One-Line Summary: Create the project directory, set up a Python virtual environment, install the four dependencies, and configure your API keys.
Prerequisites: Python 3.11+ installed, a terminal, an OpenAI API key, an Anthropic API key, a free Supabase account
Create the Project
# Create the project directory and navigate into it
mkdir rag-pipeline
cd rag-pipeline
# Create the folder structure
mkdir -p data src
touch src/__init__.pySet Up the Virtual Environment
Always use a virtual environment to isolate your dependencies:
# Create a virtual environment
python3 -m venv venv
# Activate it
# macOS / Linux:
source venv/bin/activate
# Windows:
# venv\Scripts\activateYour terminal prompt should now show (venv) at the beginning.
Install Dependencies
Create a requirements.txt file:
# requirements.txt
# ==========================================
# RAG Pipeline Dependencies
# ==========================================
# Supabase client — database + vector storage
supabase==2.13.0
# LLM provider — Claude for answer generation
anthropic==0.49.0
# Embeddings — text-embedding-3-small
openai==1.66.3
# Environment variable management
python-dotenv==1.1.0Install everything:
pip install -r requirements.txtThat is it — four packages.
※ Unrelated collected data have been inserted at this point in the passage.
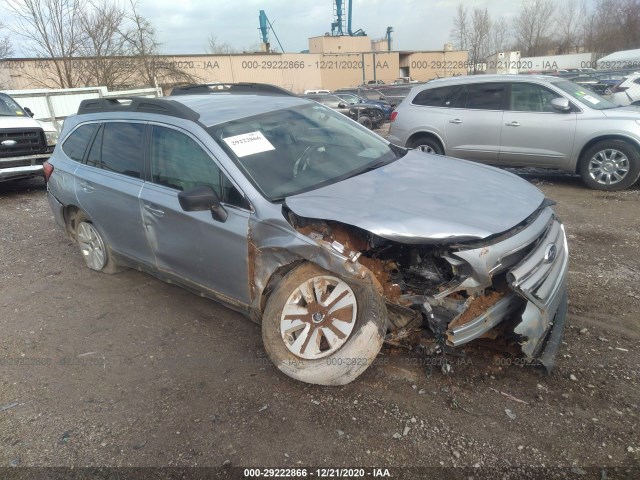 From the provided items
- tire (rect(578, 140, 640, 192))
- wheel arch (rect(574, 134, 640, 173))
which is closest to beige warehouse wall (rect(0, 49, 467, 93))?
wheel arch (rect(574, 134, 640, 173))

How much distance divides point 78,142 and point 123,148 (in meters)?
0.93

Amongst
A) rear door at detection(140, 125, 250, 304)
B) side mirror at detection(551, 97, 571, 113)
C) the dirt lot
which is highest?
side mirror at detection(551, 97, 571, 113)

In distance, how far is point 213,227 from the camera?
3.06 m

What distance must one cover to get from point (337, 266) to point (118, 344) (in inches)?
78.5

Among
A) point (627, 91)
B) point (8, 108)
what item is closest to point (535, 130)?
point (627, 91)

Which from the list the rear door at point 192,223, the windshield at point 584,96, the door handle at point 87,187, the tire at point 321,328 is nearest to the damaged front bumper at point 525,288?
the tire at point 321,328

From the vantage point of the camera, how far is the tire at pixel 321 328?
107 inches

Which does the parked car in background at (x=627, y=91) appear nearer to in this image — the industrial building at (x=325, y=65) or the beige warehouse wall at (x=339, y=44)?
the industrial building at (x=325, y=65)

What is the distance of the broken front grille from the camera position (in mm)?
8531

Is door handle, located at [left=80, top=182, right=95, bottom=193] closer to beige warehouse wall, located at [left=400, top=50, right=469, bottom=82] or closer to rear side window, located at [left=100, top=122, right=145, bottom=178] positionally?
rear side window, located at [left=100, top=122, right=145, bottom=178]

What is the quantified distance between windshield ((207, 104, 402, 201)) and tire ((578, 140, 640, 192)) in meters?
4.44

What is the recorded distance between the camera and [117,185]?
3.81 meters

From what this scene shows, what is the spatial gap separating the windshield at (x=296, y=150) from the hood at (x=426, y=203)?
0.61 feet

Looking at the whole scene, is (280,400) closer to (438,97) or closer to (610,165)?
(610,165) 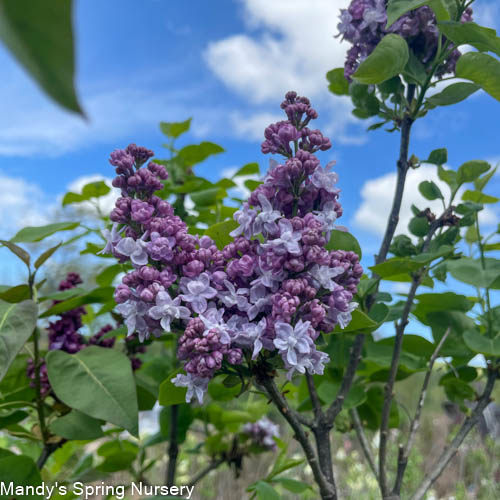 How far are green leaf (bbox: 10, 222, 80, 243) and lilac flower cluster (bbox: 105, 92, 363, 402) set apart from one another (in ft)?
0.94

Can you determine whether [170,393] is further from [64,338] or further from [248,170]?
[248,170]

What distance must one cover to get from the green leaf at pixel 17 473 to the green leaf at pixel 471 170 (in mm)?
898

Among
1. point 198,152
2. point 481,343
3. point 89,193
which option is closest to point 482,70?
point 481,343

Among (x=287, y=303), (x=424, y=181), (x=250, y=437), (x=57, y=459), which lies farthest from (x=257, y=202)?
(x=57, y=459)

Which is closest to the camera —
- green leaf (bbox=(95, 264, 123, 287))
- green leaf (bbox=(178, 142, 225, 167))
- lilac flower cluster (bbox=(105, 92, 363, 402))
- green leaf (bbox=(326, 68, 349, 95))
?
lilac flower cluster (bbox=(105, 92, 363, 402))

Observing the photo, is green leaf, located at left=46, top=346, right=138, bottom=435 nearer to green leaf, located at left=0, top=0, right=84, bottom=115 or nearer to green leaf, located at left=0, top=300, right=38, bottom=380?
green leaf, located at left=0, top=300, right=38, bottom=380

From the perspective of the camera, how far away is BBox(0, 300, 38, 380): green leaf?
2.43 ft

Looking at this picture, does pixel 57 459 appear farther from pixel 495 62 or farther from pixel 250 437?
pixel 495 62

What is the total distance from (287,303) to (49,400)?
2.53ft

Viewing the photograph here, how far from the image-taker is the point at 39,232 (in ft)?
3.11

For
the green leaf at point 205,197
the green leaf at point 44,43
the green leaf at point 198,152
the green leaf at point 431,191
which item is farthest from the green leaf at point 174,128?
the green leaf at point 44,43

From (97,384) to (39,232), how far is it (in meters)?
0.30

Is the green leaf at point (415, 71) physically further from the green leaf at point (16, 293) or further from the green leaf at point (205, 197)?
the green leaf at point (16, 293)

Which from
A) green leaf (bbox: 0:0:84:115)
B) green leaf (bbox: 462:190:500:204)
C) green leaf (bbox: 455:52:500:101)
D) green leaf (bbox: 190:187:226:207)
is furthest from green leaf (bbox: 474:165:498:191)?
green leaf (bbox: 0:0:84:115) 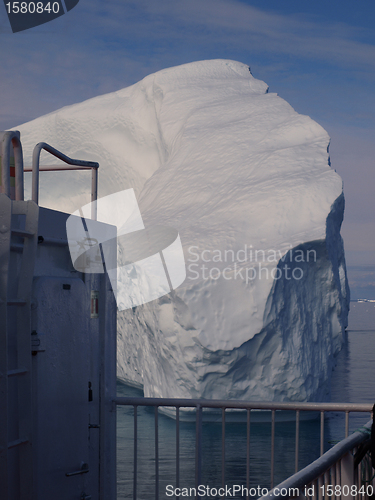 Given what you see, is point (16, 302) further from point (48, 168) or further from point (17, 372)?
point (48, 168)

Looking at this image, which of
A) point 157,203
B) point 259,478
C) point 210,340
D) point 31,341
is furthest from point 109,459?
point 157,203

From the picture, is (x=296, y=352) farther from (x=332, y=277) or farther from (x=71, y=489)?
(x=71, y=489)

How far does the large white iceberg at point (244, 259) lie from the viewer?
7602 mm

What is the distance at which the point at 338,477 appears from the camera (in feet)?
5.72

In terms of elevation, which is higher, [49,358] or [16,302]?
[16,302]

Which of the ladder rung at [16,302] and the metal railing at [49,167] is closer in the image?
the ladder rung at [16,302]

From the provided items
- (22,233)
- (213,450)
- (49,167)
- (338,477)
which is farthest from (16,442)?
(213,450)

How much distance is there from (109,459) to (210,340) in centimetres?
448

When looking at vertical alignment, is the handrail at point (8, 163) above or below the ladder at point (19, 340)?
above

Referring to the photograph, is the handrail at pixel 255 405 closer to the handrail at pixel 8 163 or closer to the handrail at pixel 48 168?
the handrail at pixel 48 168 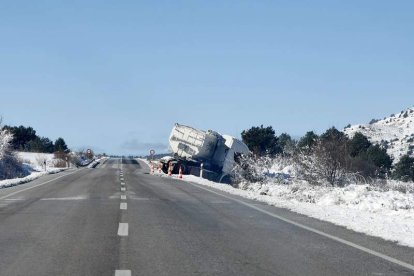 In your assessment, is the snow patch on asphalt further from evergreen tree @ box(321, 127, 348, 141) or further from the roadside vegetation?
the roadside vegetation

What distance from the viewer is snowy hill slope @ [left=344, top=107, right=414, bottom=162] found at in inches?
3742

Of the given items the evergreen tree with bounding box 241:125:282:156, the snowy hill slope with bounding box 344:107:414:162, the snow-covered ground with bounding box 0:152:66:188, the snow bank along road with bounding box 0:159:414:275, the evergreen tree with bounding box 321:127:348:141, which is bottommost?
the snow bank along road with bounding box 0:159:414:275

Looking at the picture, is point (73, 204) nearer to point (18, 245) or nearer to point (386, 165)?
point (18, 245)

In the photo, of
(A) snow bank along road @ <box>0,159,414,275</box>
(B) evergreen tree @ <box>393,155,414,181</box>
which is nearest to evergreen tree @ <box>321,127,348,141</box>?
(B) evergreen tree @ <box>393,155,414,181</box>

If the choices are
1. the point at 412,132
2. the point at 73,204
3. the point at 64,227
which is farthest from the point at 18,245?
the point at 412,132

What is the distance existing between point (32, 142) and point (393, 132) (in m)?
71.6

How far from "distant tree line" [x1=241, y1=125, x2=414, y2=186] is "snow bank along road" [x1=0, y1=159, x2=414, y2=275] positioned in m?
22.9

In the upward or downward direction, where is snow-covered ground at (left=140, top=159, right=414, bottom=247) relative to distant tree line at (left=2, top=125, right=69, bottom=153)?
downward

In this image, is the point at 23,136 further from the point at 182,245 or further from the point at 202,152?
the point at 182,245

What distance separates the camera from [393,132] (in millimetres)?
113250

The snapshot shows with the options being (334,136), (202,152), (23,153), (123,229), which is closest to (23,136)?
(23,153)

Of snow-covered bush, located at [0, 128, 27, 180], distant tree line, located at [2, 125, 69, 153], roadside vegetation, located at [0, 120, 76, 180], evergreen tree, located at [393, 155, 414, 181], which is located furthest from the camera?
distant tree line, located at [2, 125, 69, 153]

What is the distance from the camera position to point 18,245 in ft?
31.6

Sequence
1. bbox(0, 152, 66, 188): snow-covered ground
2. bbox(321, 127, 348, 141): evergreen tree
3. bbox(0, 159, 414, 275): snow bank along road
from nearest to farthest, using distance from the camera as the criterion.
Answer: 1. bbox(0, 159, 414, 275): snow bank along road
2. bbox(0, 152, 66, 188): snow-covered ground
3. bbox(321, 127, 348, 141): evergreen tree
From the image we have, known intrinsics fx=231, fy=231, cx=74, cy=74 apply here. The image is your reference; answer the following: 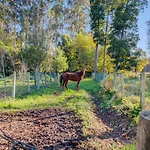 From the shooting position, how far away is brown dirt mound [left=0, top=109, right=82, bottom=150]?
4.25m

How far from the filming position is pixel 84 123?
5.61m

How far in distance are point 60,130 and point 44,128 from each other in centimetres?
44

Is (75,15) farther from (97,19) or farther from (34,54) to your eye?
(34,54)

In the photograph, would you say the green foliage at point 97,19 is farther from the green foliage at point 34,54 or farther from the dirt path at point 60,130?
the dirt path at point 60,130

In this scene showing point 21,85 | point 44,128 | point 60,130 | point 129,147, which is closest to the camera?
point 129,147

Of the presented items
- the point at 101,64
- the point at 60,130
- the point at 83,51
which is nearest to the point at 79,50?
the point at 83,51

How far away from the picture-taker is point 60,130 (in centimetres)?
518

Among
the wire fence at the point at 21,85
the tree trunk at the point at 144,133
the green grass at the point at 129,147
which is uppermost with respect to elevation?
the tree trunk at the point at 144,133

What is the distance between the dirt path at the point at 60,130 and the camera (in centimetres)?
423

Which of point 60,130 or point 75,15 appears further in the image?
point 75,15

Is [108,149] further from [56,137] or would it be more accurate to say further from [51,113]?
[51,113]

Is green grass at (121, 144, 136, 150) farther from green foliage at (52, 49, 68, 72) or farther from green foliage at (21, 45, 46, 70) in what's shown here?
green foliage at (52, 49, 68, 72)

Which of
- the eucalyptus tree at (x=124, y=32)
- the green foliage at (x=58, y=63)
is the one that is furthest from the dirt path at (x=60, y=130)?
the eucalyptus tree at (x=124, y=32)

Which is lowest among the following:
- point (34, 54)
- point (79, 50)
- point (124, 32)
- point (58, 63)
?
point (58, 63) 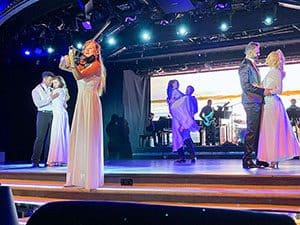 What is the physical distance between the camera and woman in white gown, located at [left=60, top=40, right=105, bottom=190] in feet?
15.3

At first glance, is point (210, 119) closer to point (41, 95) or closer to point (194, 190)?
point (41, 95)

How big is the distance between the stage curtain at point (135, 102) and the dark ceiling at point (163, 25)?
4.82 ft

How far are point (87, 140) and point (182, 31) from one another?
6585 millimetres

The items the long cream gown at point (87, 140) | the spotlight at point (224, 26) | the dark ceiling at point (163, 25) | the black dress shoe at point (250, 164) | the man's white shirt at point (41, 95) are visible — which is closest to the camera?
the long cream gown at point (87, 140)

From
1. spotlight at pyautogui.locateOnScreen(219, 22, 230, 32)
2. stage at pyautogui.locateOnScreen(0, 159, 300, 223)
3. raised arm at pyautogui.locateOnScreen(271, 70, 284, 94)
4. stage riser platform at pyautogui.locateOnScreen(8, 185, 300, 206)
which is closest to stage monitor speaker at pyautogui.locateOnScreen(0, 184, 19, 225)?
stage at pyautogui.locateOnScreen(0, 159, 300, 223)

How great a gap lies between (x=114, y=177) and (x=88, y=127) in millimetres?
1134

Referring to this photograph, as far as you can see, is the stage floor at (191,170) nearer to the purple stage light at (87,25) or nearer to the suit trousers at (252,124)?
the suit trousers at (252,124)

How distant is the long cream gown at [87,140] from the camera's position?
4.66m

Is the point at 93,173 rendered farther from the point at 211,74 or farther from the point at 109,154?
the point at 211,74

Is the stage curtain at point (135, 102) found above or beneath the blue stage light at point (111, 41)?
beneath

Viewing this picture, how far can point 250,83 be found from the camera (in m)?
5.71

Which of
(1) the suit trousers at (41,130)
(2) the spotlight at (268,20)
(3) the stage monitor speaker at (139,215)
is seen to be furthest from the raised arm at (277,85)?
(3) the stage monitor speaker at (139,215)

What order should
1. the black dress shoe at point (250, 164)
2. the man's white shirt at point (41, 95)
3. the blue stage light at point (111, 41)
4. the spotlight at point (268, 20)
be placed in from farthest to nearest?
the blue stage light at point (111, 41), the spotlight at point (268, 20), the man's white shirt at point (41, 95), the black dress shoe at point (250, 164)

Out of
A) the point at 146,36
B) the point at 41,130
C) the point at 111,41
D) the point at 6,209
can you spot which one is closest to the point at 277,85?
the point at 41,130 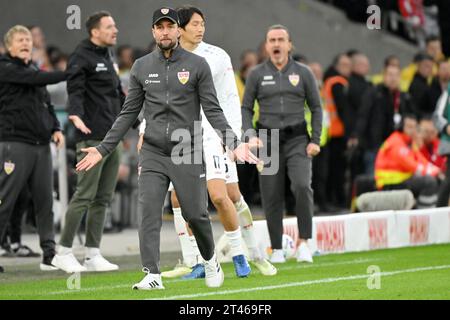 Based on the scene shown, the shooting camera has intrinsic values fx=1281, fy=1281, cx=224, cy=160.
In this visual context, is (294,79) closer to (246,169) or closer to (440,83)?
(246,169)

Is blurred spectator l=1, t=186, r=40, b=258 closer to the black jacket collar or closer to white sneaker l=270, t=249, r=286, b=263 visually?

No frameworks, no Docker images, no extra infrastructure.
Configure API Keys
Create a .env file in the project root:
# .env
# ==========================================
# API Keys — DO NOT commit this file
# ==========================================
OPENAI_API_KEY=sk-your-openai-api-key-here
ANTHROPIC_API_KEY=sk-ant-your-anthropic-api-key-here
SUPABASE_URL=https://your-project-id.supabase.co
SUPABASE_KEY=your-supabase-anon-key-hereWhere to get these:
- OpenAI key: platform.openai.com/api-keys — used only for embeddings (about $0.02 per million tokens).
- Anthropic key: console.anthropic.com — used for the generation step.
- Supabase URL and key: You will get these when you create a Supabase project in the next step.
Add .env to your .gitignore:
echo ".env" >> .gitignore
echo "venv/" >> .gitignore
echo "__pycache__/" >> .gitignoreCreate the Config Module
Create a shared config file that all modules will import:
# src/config.py
# ==========================================
# Shared configuration for the RAG pipeline
# ==========================================
import os
from dotenv import load_dotenv
load_dotenv()
# Supabase
SUPABASE_URL = os.getenv("SUPABASE_URL")
SUPABASE_KEY = os.getenv("SUPABASE_KEY")
# API keys
OPENAI_API_KEY = os.getenv("OPENAI_API_KEY")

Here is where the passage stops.